ABOUT THIS EXERCISE
How does the data below read from its first line through the line containing "Plow & Hearth"? Print those lines exactly.
EXTRACTED ENTRIES: Begin
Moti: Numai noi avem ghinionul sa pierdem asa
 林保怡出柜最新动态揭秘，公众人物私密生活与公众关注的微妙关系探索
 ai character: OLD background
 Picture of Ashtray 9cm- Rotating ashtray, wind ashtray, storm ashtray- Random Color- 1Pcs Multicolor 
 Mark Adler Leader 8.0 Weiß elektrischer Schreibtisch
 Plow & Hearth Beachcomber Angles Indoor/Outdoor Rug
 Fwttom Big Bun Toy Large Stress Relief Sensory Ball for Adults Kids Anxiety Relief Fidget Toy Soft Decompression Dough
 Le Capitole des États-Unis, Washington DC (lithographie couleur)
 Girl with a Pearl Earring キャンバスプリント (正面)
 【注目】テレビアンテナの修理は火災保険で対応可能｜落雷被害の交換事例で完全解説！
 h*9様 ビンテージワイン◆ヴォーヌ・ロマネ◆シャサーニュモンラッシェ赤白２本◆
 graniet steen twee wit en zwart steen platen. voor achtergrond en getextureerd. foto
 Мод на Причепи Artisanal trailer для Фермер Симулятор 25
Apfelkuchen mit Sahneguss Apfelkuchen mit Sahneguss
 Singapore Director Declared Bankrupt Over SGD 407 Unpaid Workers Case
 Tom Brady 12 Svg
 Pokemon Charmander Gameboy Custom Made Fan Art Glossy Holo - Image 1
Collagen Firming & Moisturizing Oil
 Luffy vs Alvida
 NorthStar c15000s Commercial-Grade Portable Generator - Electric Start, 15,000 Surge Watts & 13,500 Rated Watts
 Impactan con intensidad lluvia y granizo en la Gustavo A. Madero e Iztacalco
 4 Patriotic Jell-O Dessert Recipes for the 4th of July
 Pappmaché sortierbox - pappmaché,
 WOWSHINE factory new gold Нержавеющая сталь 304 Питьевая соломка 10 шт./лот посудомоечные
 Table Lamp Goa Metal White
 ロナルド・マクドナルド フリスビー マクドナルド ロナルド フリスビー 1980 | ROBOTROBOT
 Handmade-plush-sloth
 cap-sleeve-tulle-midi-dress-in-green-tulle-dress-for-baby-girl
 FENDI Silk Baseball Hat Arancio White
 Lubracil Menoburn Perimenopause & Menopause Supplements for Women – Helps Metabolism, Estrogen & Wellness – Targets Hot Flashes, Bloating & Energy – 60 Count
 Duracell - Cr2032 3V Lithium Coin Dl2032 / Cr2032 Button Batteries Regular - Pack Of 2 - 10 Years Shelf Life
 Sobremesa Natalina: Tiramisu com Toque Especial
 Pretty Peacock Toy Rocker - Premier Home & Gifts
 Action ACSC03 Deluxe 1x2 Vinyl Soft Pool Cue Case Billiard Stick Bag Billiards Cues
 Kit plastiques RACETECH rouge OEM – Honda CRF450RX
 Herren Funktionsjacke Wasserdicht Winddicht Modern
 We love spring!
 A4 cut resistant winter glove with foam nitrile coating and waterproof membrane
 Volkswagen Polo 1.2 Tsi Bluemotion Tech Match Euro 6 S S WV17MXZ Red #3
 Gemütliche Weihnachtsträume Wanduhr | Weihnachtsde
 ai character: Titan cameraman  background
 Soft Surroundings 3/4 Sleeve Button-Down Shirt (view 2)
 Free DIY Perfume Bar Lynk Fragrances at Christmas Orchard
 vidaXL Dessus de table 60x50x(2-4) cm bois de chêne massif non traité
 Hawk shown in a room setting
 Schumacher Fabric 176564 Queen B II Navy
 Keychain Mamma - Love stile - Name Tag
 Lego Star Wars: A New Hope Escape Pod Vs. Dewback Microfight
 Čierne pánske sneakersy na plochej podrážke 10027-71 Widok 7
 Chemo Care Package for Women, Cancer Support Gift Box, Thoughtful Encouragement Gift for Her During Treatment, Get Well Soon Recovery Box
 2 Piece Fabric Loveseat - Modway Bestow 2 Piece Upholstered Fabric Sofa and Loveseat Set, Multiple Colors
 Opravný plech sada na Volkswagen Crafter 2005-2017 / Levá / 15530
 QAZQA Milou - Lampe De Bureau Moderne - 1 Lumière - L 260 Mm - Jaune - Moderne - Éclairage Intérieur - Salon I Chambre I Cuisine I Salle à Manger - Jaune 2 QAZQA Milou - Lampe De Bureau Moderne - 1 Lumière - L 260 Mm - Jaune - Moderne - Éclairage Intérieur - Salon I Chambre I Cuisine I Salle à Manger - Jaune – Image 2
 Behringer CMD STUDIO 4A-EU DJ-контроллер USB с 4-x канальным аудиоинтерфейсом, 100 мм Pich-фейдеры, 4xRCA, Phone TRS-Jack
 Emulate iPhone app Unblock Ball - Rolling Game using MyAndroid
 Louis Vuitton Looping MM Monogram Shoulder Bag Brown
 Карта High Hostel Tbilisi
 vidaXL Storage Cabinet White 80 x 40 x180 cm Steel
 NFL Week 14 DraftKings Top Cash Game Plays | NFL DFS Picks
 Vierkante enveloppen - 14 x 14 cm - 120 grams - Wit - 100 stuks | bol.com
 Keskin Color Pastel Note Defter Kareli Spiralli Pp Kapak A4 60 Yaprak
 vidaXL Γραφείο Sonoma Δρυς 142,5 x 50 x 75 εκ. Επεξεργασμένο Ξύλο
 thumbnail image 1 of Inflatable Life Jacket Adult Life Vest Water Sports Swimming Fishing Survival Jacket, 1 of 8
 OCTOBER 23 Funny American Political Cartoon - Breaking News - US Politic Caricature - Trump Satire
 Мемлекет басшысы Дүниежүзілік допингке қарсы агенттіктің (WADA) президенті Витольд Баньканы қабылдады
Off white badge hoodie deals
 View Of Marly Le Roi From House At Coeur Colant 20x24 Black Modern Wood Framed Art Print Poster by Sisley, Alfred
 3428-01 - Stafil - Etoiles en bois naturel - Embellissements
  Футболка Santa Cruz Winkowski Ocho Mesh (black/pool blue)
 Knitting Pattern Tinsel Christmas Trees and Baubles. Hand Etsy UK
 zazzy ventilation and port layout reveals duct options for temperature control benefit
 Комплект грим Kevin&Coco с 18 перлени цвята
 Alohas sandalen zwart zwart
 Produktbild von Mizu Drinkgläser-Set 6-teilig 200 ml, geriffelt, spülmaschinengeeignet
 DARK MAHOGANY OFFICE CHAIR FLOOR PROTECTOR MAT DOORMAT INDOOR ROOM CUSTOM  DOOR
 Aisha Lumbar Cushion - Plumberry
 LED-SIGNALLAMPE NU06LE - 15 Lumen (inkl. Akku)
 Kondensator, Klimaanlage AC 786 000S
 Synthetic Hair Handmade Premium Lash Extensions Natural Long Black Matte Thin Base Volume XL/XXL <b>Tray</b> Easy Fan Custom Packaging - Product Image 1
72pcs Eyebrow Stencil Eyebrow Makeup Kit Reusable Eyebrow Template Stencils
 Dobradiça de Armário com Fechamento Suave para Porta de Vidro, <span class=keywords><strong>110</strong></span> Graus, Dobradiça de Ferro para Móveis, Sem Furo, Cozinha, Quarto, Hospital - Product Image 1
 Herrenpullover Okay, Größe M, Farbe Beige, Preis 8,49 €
EXTRACTED ENTRIES: End
SOLUTION TO THIS EXERCISE
Moti: Numai noi avem ghinionul sa pierdem asa
 林保怡出柜最新动态揭秘，公众人物私密生活与公众关注的微妙关系探索
 ai character: OLD background
 Picture of Ashtray 9cm- Rotating ashtray, wind ashtray, storm ashtray- Random Color- 1Pcs Multicolor 
 Mark Adler Leader 8.0 Weiß elektrischer Schreibtisch
 Plow & Hearth Beachcomber Angles Indoor/Outdoor Rug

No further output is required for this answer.